Let's see whether or not high-end speaker cables make a difference for your equipment.
By

Published onJanuary 4, 2023

We often harp on the fact that nobody needs audiophile-grade… anything around these parts, but where we make our name is proving it. Today, we’re going to try to prove one way or another whether or not high-end cables make a difference for your equipment.

Editor’s note: This article was updated on January 4, 2023 to clarify language, and add FAQ.

The myth: cables matter

1More Triple-Driver Over-Ear review: The three headphones jacks on the 1.35-meter long cable.
There’s a reason the normal cable designs haven’t changed in the better part of a century.

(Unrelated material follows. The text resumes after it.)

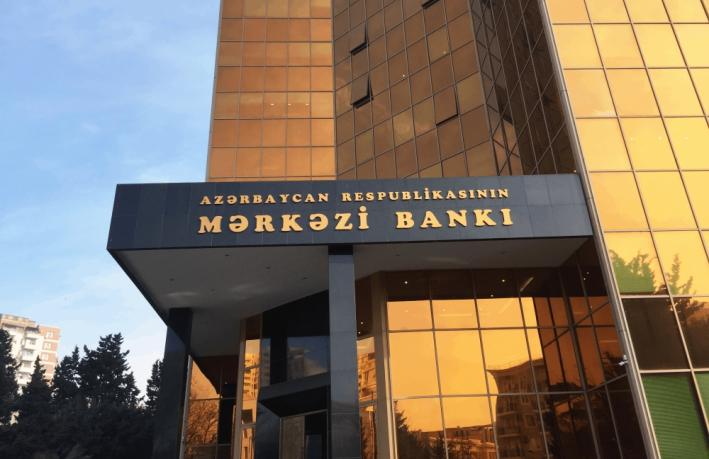 <Azərbaycan Mərkəzi Bankı pul nişanları ilə bağlı banklara göstəriş verib.....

If you’ve ever shopped at a commission-based big box retailer, you’ve probably had someone try to upsell you on expensive cables, gold-plated interconnects, or even specialty power cables. The notion they’re trying to sell is that spending more on a premium component will somehow improve the performance on your stereo setup by adding a more “valuable” part.

In several review sites, you'll see many people swearing up and down that different cables will improve or alter your listening experience somehow, but this isn't strictly true.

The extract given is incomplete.